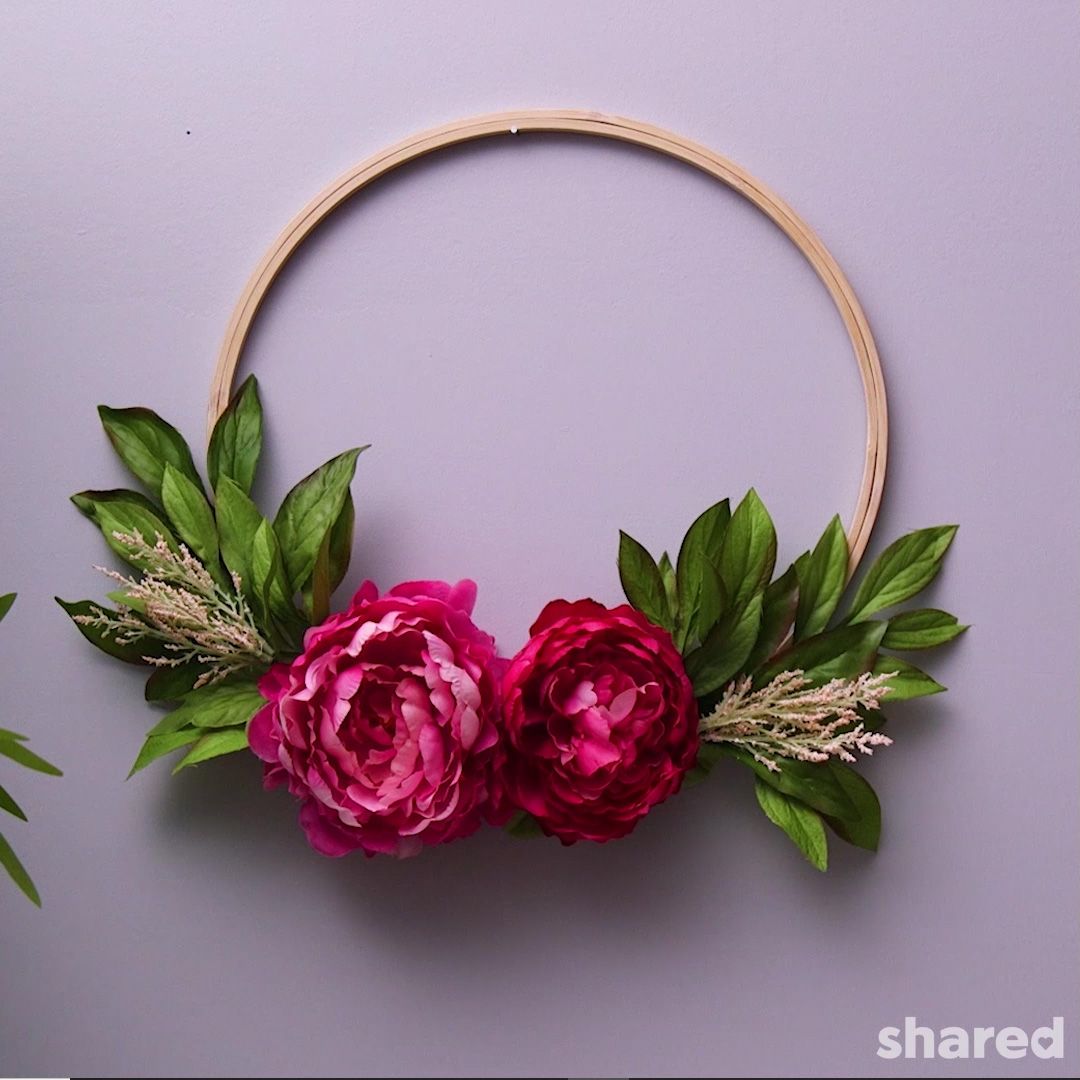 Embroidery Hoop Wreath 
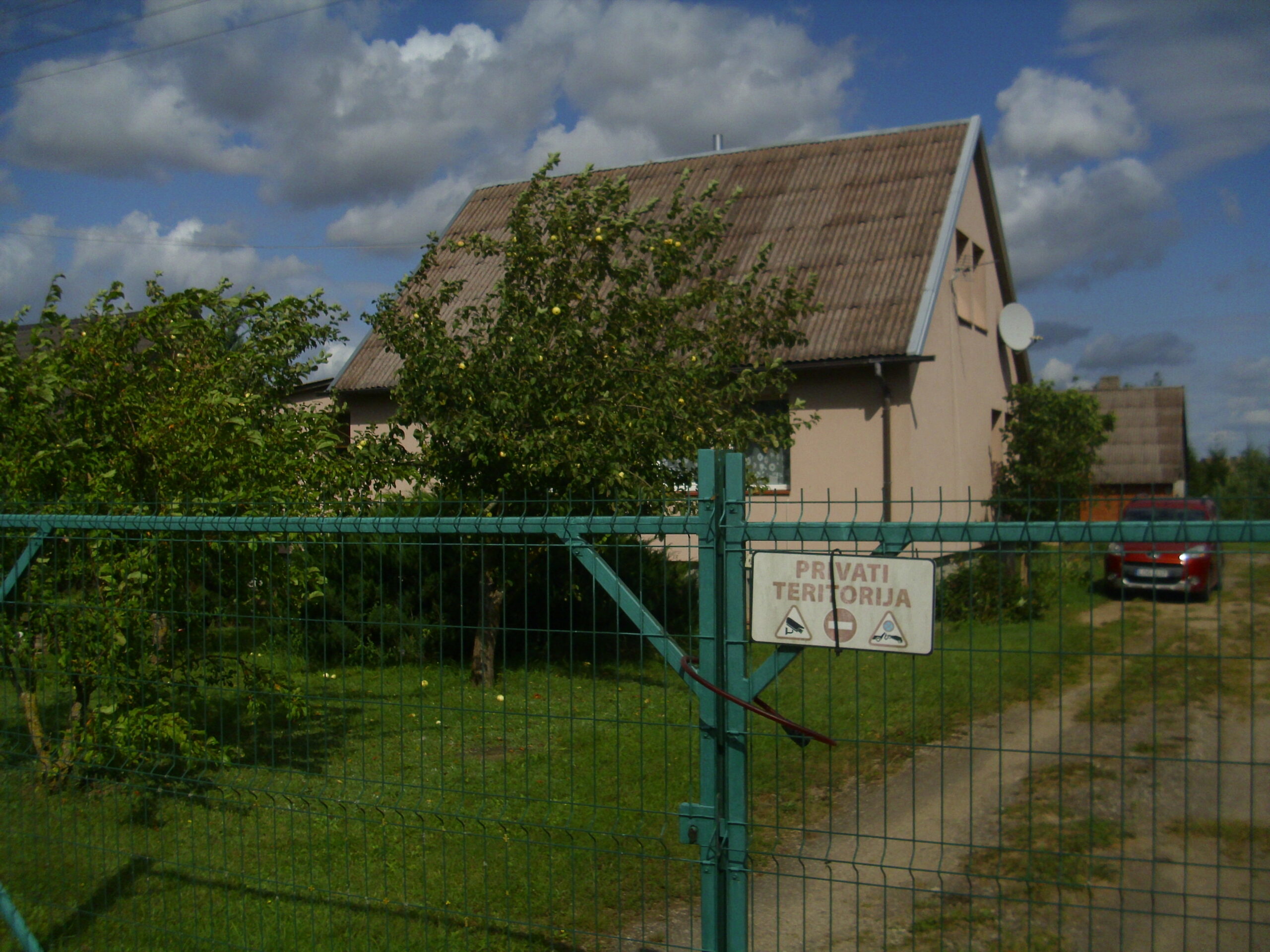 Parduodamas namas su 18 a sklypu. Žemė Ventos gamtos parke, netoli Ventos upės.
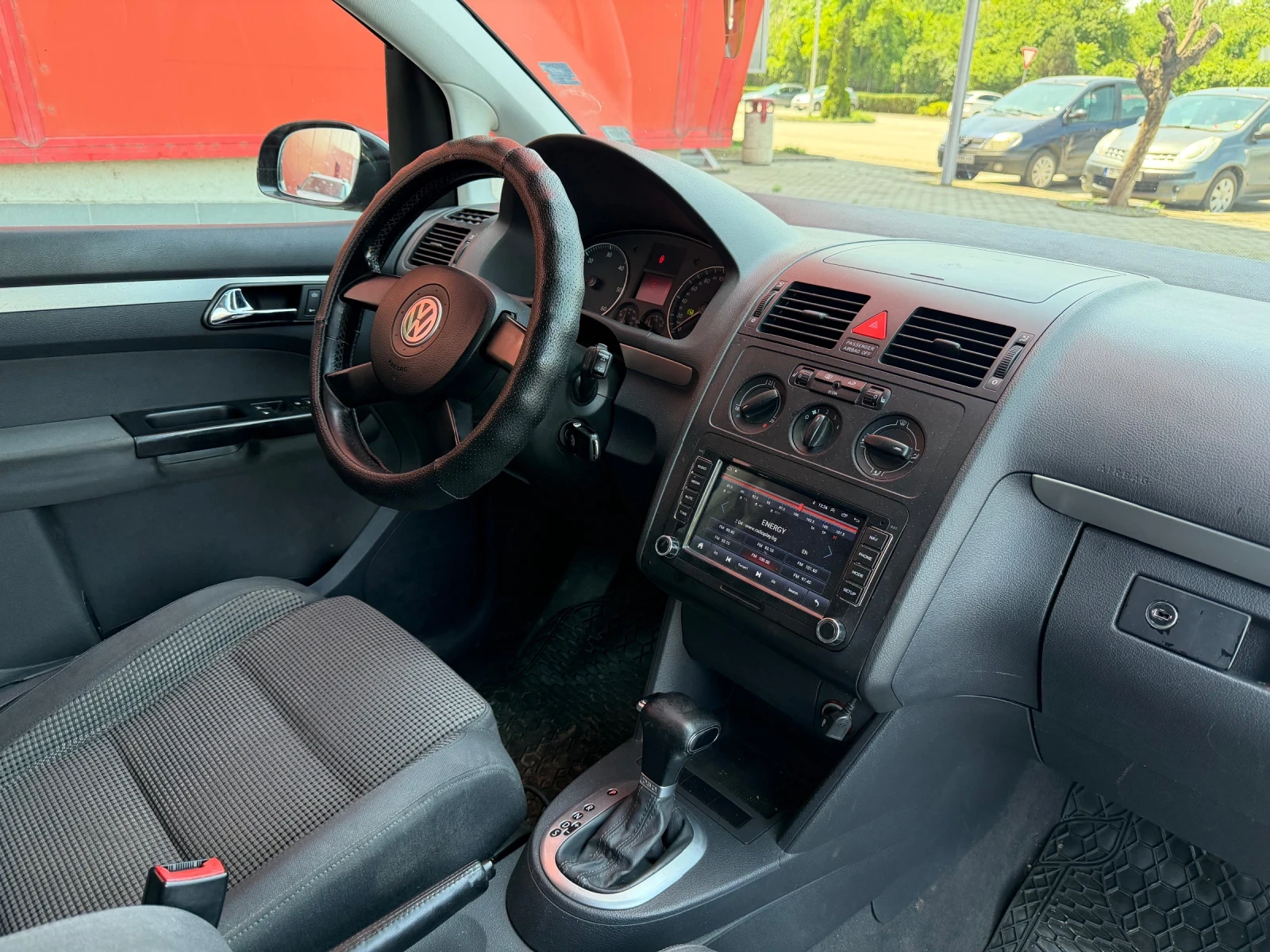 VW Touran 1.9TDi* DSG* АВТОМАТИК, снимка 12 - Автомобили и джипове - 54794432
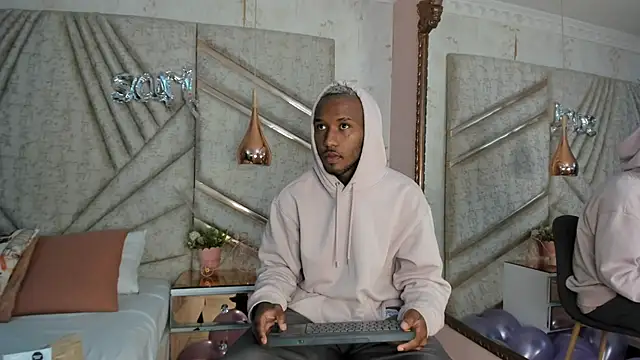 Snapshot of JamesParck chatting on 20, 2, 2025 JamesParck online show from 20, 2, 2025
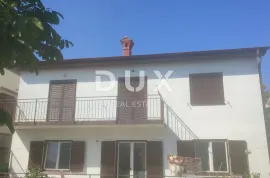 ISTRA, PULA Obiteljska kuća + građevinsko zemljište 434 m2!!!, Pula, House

* _WHAT YOU ARE ASKED TO DO_
In the material above, retype exactly the lines that run from the one containing "Snapshot of JamesParck" through the last line, and keep out the pictures.

* _WRITTEN RESPONSE_
 Snapshot of JamesParck chatting on 20, 2, 2025 JamesParck online show from 20, 2, 2025
 ISTRA, PULA Obiteljska kuća + građevinsko zemljište 434 m2!!!, Pula, House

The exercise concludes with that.